Be careful what you wish for

Flybe, renamed Virgin Connect:

“Connect Airways chief executive Mark Anderson said the airline could stop flying between airports where the journey can be made easily by train or car…]

[…”Maybe there are some routes in the future, as I look at the future of Virgin Connect and how we’re connecting people to their world, that we will potentially not fly.

“We will potentially say ‘Actually this makes more sense by train or this makes more sense by road’, and maybe in the future we’ll get behind that as well.”

Very curious to signal your responsibility as a "sustainable” airline by suggesting people switch from flying to driving.

However to be fair, for a car with four passengers in a country with lots of coal and/or gas in the electricity generation mix (e.g., UK = 45%), it can become competitive with a train.

A car with one dude in it: never.

In France’s energy mix? Never:

Source: RTE Results 2017

Ok, so Virgin Connect is considering cancelling some of its short-haul flights.

It took a Yellow Vest protestor at a public talk on aviation emissions at La Base in Paris to drive home to me the fact that we should be careful what we wish for.

If an airline permanently cancels a specific A to B flight, it frees up a slot at both the departure and arrival airports.

It is what happens next with these slots that is important, not the cancellation itself.

What if the airline fills the short-haul flight’s slot with a long-haul one?
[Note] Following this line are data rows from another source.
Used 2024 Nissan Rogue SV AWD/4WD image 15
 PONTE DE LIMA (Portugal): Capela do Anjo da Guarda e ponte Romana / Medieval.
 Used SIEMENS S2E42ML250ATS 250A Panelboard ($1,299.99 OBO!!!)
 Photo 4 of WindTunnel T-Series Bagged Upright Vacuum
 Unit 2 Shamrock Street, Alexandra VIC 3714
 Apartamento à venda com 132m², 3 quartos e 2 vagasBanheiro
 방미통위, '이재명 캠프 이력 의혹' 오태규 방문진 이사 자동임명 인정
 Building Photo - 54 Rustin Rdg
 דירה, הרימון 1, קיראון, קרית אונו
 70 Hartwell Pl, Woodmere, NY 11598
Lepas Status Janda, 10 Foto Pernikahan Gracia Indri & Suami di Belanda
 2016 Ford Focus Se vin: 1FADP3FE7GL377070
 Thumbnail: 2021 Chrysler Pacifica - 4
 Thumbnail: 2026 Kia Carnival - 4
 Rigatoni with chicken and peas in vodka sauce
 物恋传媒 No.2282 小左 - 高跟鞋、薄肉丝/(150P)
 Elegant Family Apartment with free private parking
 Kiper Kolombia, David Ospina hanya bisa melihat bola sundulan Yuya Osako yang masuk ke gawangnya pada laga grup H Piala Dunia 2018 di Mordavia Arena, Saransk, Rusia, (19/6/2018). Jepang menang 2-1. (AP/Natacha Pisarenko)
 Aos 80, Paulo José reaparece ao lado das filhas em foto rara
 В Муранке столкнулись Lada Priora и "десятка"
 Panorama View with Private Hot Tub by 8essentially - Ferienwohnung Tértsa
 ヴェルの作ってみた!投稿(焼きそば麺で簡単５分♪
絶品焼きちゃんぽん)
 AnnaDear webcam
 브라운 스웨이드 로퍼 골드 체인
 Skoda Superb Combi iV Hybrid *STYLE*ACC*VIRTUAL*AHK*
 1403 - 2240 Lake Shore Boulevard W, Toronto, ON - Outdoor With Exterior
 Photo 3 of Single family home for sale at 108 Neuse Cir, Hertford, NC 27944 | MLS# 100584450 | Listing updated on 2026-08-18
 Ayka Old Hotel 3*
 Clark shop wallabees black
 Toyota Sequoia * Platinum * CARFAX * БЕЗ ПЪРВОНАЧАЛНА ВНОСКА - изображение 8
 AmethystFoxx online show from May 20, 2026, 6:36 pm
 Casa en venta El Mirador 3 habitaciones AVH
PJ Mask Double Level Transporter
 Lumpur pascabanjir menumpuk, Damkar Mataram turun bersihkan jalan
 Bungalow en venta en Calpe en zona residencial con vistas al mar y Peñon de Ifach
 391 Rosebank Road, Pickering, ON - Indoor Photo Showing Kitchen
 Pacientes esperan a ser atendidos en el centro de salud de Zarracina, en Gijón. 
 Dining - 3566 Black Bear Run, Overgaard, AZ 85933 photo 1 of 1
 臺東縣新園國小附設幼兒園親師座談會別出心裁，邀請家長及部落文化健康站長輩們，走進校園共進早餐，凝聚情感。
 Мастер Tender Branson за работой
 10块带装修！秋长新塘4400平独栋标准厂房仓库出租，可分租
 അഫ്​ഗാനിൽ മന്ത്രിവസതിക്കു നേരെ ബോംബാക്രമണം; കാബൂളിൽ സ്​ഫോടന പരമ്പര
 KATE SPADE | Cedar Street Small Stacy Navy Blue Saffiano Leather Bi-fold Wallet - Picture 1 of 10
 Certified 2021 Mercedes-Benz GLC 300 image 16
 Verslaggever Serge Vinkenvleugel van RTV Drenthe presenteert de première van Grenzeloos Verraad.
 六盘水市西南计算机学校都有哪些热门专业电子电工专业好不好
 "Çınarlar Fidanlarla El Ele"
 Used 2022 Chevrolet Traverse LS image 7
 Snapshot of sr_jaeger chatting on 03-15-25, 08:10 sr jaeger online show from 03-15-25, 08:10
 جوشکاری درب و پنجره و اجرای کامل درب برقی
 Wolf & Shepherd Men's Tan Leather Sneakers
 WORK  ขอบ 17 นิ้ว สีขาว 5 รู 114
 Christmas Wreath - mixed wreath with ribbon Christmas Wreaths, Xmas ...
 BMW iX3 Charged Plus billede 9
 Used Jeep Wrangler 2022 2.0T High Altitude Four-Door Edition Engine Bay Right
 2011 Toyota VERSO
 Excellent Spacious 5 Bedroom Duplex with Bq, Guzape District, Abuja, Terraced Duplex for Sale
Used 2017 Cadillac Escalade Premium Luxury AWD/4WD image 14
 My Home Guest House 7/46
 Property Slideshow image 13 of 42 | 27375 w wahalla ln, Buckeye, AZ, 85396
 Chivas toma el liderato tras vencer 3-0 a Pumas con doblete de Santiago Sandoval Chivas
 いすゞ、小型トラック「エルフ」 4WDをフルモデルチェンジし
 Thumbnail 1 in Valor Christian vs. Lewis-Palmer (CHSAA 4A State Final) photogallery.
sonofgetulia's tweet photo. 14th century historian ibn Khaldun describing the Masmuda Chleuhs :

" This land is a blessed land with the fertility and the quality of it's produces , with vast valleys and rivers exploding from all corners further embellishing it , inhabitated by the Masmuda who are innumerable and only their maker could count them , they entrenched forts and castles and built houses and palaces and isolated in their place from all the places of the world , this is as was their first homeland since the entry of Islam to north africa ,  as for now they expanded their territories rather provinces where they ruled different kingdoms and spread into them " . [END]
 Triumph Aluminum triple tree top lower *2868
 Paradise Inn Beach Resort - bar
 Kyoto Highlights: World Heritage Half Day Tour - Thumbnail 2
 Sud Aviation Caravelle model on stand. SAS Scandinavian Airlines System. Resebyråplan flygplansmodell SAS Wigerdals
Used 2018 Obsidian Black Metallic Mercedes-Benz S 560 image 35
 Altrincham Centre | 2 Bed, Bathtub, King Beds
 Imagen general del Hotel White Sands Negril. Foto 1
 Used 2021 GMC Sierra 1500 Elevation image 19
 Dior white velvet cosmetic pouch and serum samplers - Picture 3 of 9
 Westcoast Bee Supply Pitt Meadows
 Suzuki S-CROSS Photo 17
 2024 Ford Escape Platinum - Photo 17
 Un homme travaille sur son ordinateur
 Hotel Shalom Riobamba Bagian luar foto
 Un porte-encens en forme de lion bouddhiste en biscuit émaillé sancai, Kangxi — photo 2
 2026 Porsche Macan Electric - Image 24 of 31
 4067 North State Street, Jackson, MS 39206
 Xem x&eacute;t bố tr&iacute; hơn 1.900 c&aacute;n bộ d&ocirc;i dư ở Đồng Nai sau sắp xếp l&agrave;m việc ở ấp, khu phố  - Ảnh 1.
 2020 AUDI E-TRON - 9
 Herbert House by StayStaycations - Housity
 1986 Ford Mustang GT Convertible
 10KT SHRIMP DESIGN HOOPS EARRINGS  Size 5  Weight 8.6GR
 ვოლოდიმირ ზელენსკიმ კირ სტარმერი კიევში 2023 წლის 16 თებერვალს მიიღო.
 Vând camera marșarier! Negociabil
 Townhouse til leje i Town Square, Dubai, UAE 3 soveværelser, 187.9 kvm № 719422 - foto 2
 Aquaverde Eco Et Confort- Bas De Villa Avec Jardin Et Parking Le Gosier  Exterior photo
Or sells it to another company that intends to do so?

The environmental problem just got worse, not better.

The solution, as put forth by my Yellow Vested buddy, is that the slot has to be closed.

Permanently.

Otherwise we’re just pissing in the wind.

One final quote from the Virgin Connect article:

“He added that airlines have made “great progress” in improving their sustainability in recent years, but acknowledged that the industry “has more work to do in improving its carbon footprint”.

This is the kind of shit cigarette company executives peddled for years.